- _TASK INPUTS_

┄┄┄┄┄┄┄┄┄┄┄┄┄┄┄┄┄┄┄┄

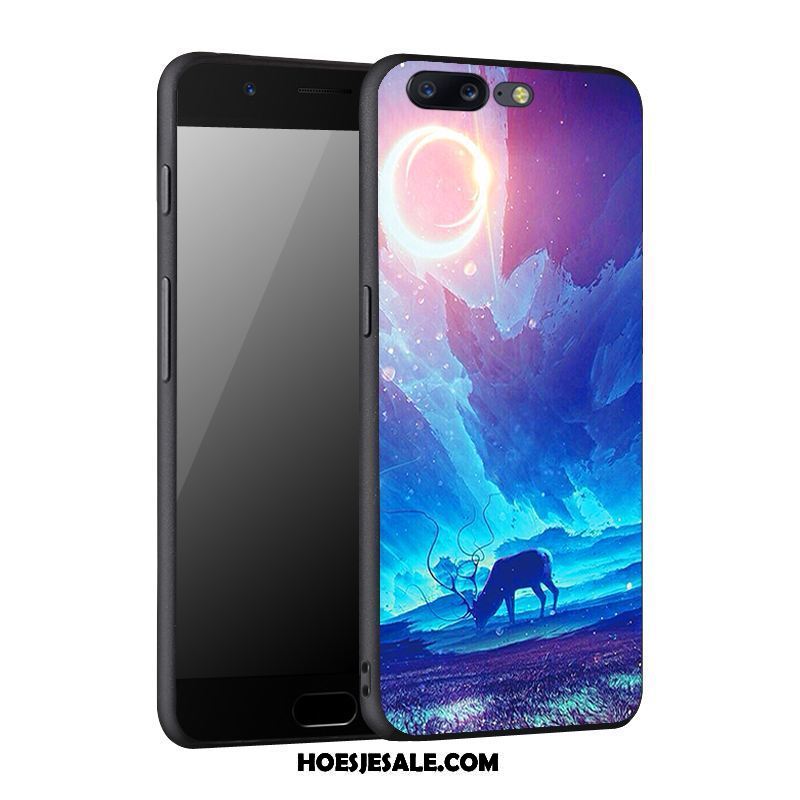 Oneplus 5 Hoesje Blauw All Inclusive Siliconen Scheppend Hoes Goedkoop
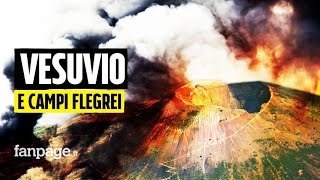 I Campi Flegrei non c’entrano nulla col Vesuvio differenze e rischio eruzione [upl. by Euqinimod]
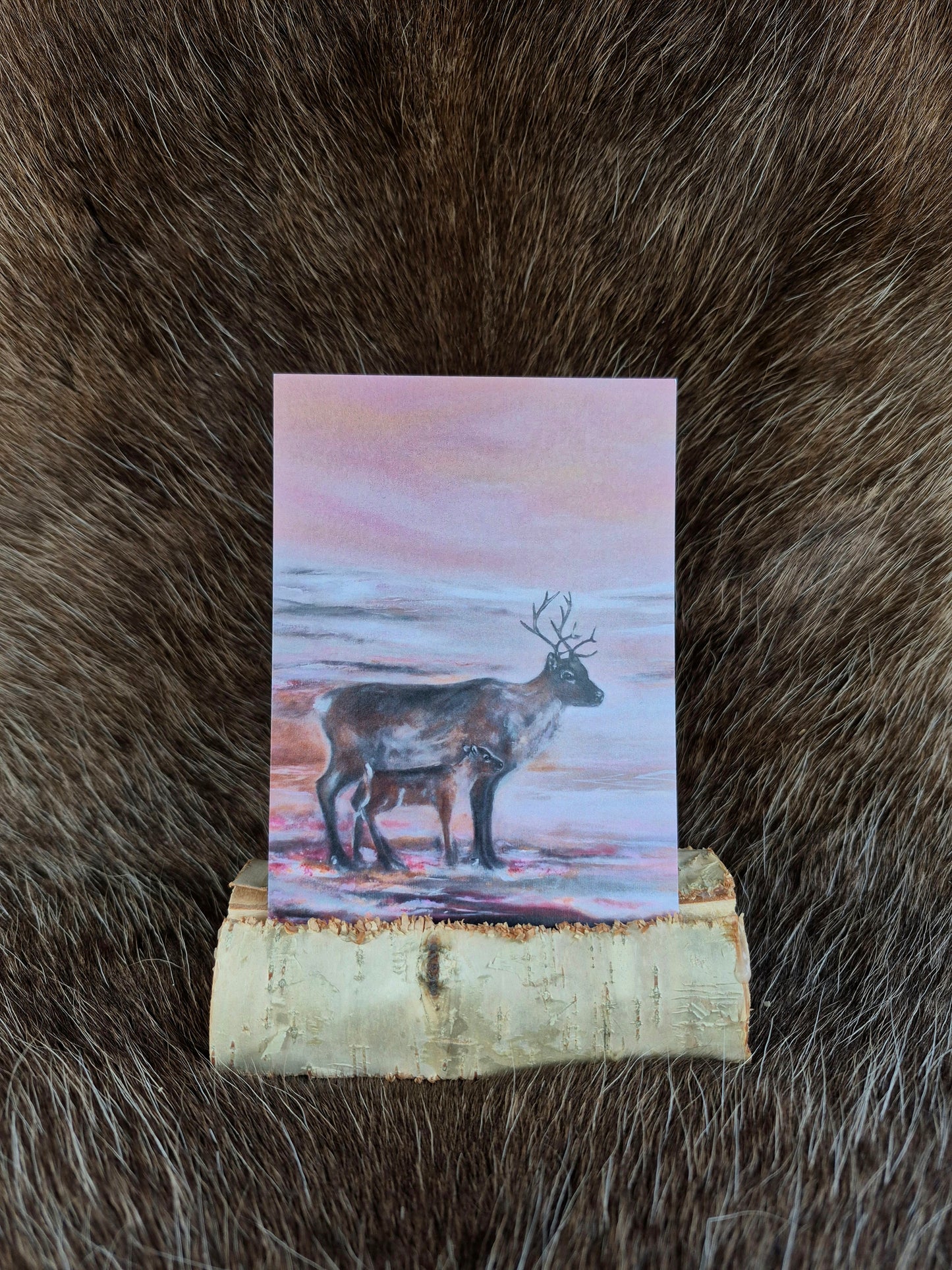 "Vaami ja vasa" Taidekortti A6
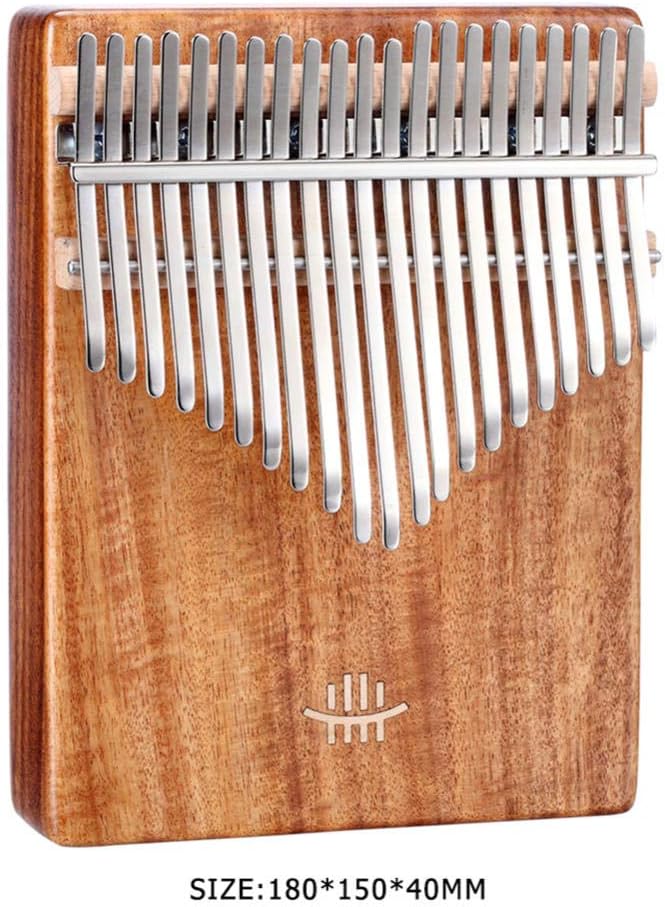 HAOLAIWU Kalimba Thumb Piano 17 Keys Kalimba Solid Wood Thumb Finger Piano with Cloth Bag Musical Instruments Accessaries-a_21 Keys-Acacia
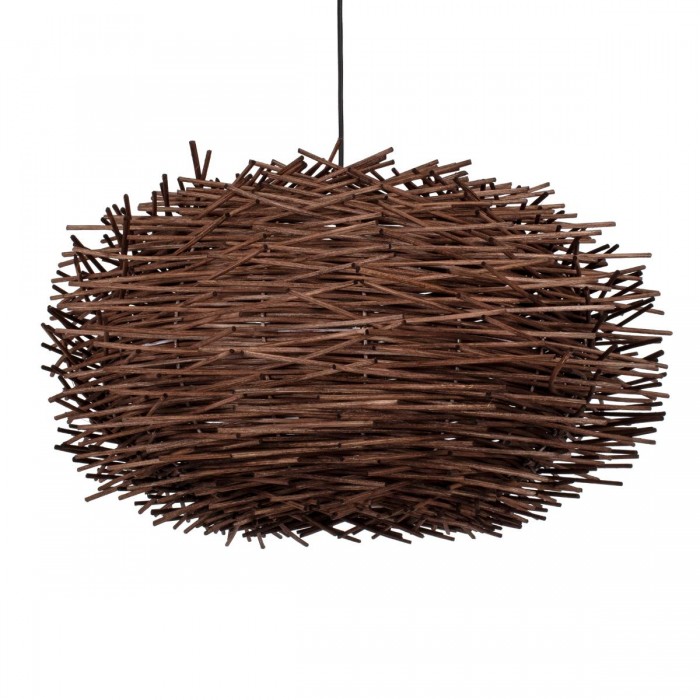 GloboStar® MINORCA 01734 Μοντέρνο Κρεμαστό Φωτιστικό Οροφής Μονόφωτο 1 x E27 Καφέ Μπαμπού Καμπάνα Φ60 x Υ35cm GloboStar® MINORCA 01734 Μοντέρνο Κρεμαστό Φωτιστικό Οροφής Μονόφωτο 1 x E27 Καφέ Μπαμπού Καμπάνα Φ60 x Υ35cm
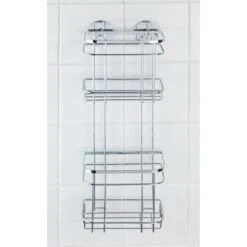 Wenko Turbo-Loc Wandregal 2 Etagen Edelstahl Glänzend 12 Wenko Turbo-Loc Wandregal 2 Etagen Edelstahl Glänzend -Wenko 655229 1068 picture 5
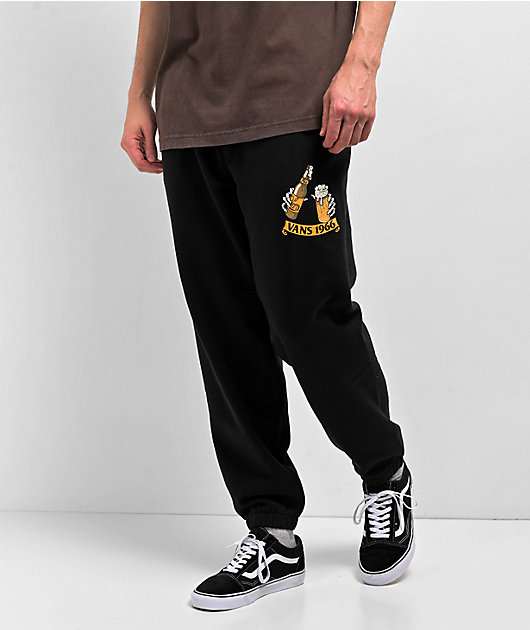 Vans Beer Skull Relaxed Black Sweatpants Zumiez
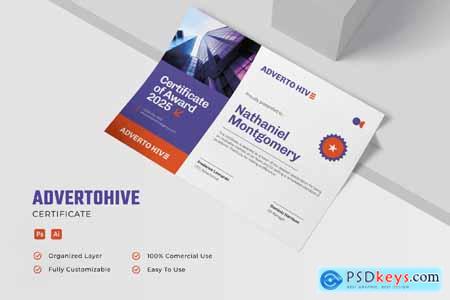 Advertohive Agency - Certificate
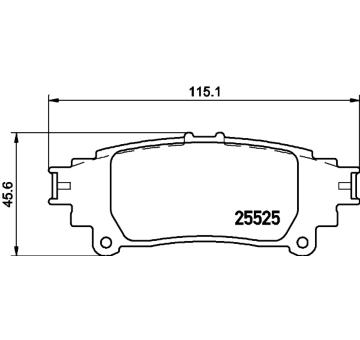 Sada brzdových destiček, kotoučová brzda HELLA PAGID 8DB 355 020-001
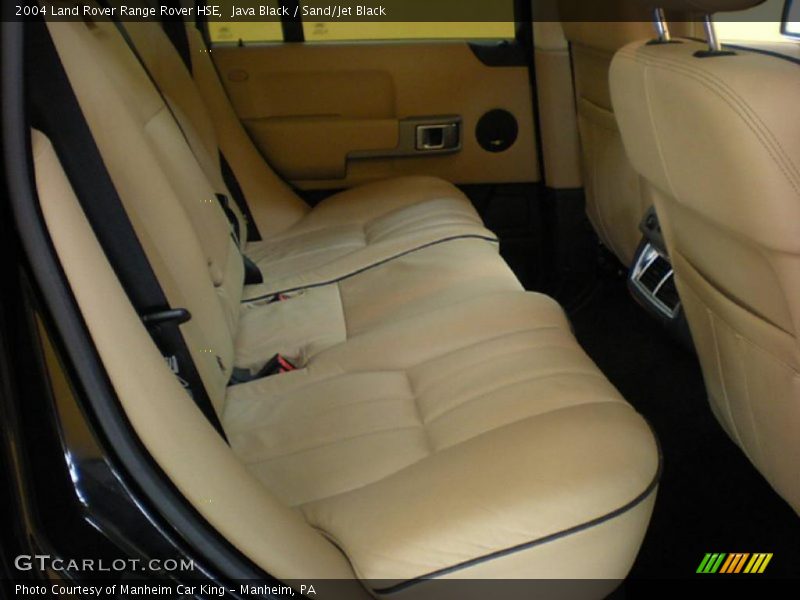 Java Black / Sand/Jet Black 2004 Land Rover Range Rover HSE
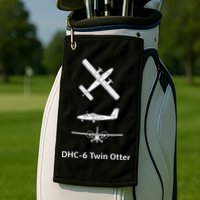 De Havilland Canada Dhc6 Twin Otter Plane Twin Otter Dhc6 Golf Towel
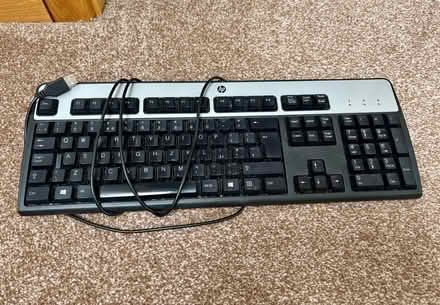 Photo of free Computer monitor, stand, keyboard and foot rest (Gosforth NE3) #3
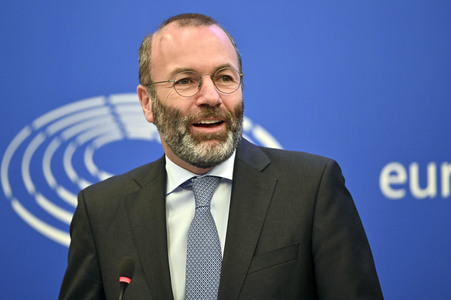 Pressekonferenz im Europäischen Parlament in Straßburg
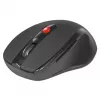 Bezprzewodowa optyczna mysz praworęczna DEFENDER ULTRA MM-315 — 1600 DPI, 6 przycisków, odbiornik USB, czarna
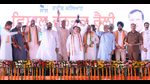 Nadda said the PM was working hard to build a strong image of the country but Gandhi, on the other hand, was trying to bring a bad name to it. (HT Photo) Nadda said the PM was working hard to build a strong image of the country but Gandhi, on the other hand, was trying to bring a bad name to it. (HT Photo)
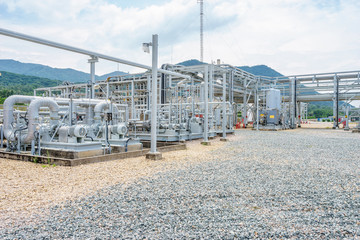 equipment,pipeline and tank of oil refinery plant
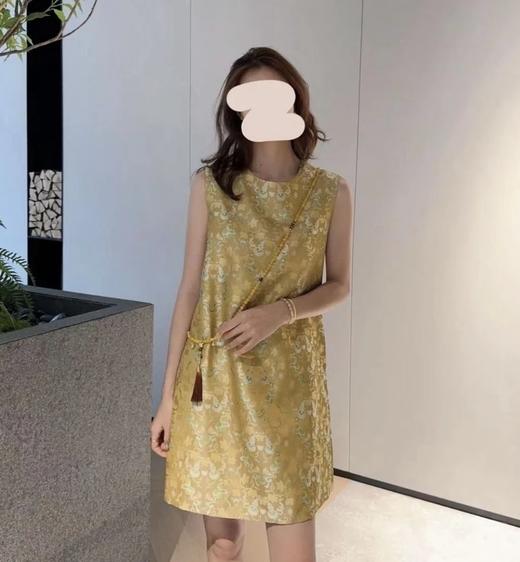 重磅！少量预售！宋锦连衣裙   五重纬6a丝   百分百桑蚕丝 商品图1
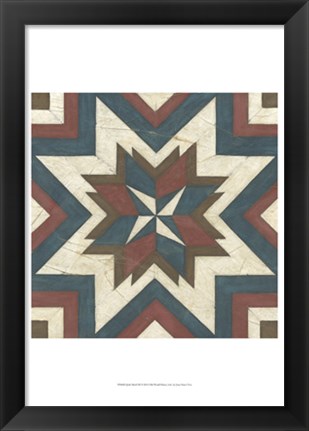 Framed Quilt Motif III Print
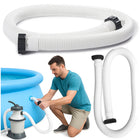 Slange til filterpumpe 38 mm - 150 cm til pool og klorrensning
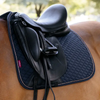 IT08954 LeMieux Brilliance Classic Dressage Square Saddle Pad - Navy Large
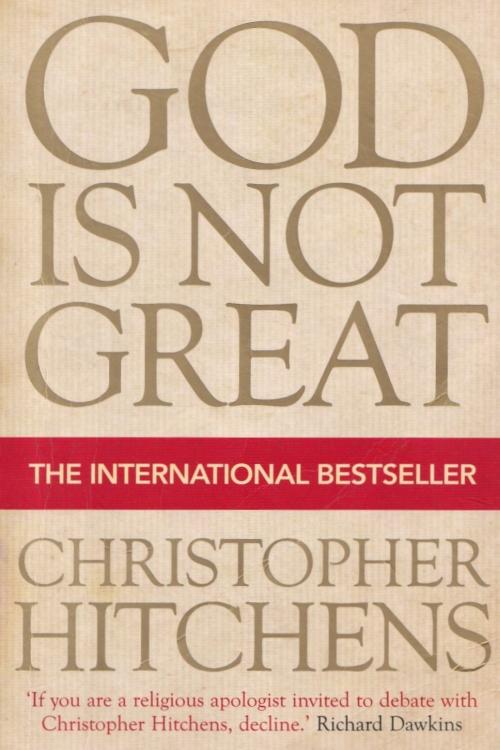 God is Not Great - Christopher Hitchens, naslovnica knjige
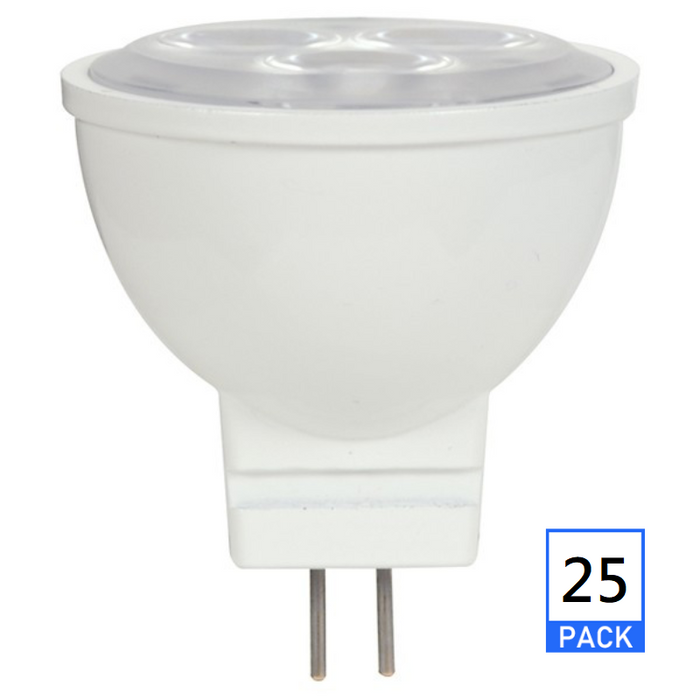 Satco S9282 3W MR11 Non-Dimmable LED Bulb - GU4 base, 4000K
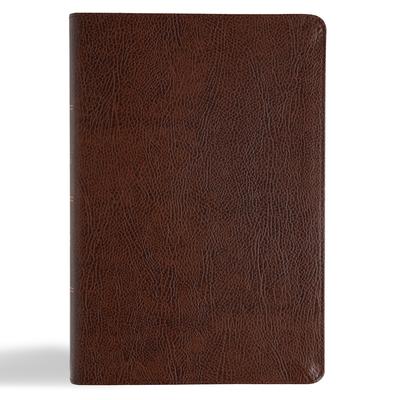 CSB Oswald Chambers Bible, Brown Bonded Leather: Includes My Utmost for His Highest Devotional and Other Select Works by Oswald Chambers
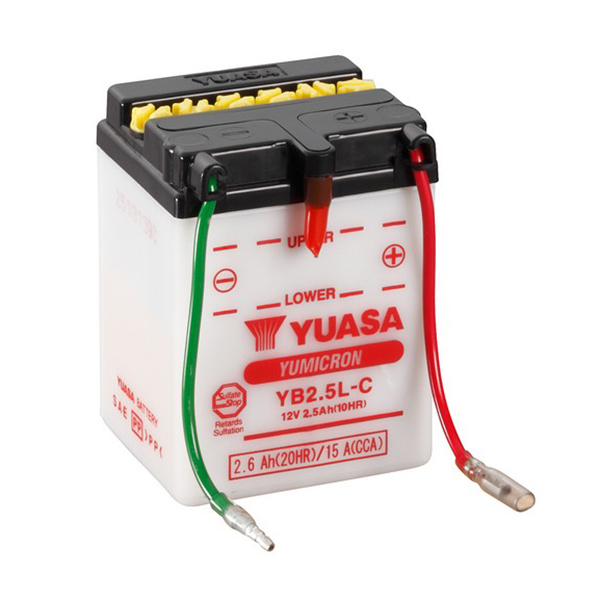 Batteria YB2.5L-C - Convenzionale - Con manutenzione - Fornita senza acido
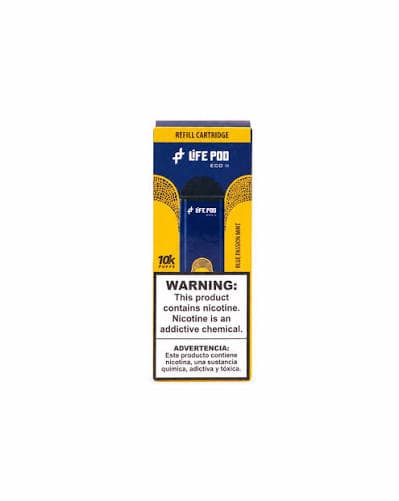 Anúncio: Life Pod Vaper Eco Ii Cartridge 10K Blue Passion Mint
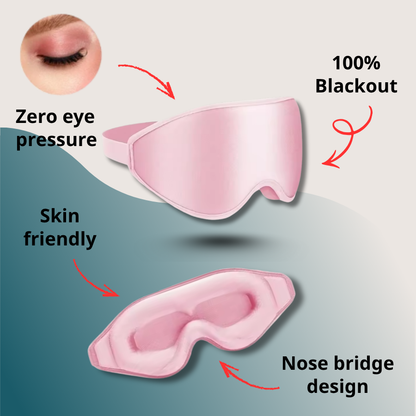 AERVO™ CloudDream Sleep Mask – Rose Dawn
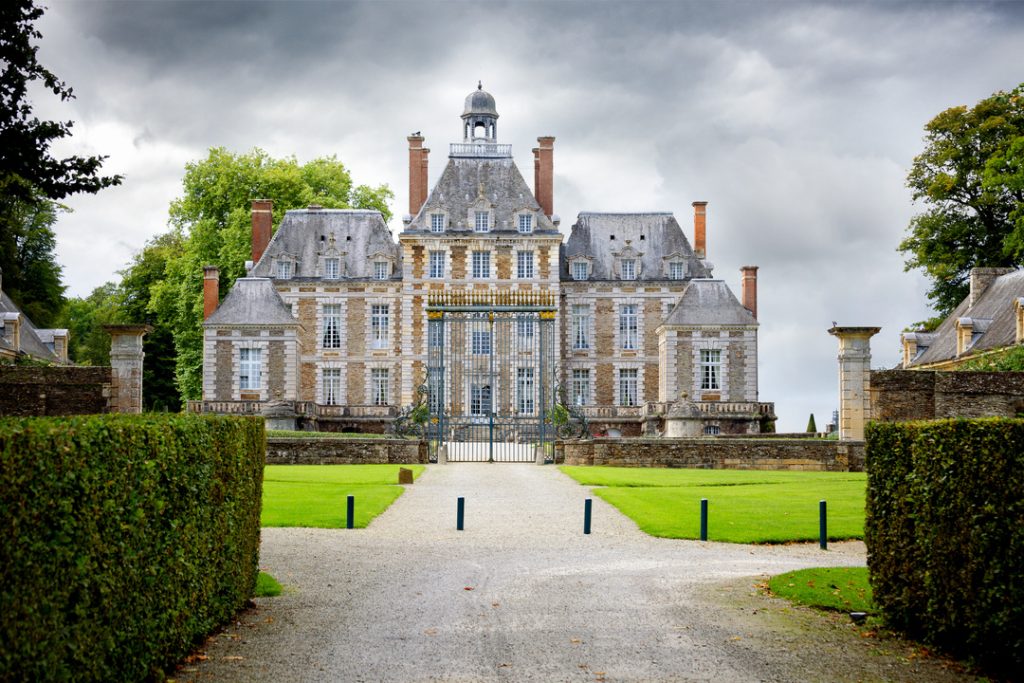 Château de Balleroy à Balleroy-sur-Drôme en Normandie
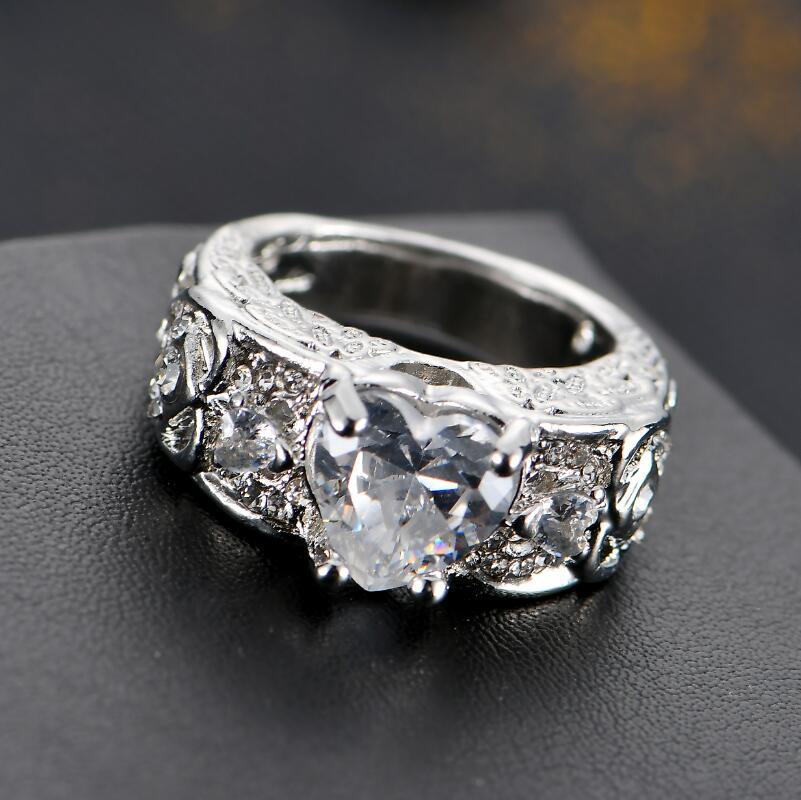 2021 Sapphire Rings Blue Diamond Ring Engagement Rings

┄┄┄┄┄┄┄┄┄┄┄┄┄┄┄┄┄┄┄┄

- _PROBLEM TO WORK ON_
Give again, word for word, every line from the top of the data through the line with "Vans Beer Skull", both ends included, and exclude the pictures.

- _OUTPUT_
 Oneplus 5 Hoesje Blauw All Inclusive Siliconen Scheppend Hoes Goedkoop
 I Campi Flegrei non c’entrano nulla col Vesuvio differenze e rischio eruzione [upl. by Euqinimod]
 "Vaami ja vasa" Taidekortti A6
 HAOLAIWU Kalimba Thumb Piano 17 Keys Kalimba Solid Wood Thumb Finger Piano with Cloth Bag Musical Instruments Accessaries-a_21 Keys-Acacia
 GloboStar® MINORCA 01734 Μοντέρνο Κρεμαστό Φωτιστικό Οροφής Μονόφωτο 1 x E27 Καφέ Μπαμπού Καμπάνα Φ60 x Υ35cm GloboStar® MINORCA 01734 Μοντέρνο Κρεμαστό Φωτιστικό Οροφής Μονόφωτο 1 x E27 Καφέ Μπαμπού Καμπάνα Φ60 x Υ35cm
 Wenko Turbo-Loc Wandregal 2 Etagen Edelstahl Glänzend 12 Wenko Turbo-Loc Wandregal 2 Etagen Edelstahl Glänzend -Wenko 655229 1068 picture 5
 Vans Beer Skull Relaxed Black Sweatpants Zumiez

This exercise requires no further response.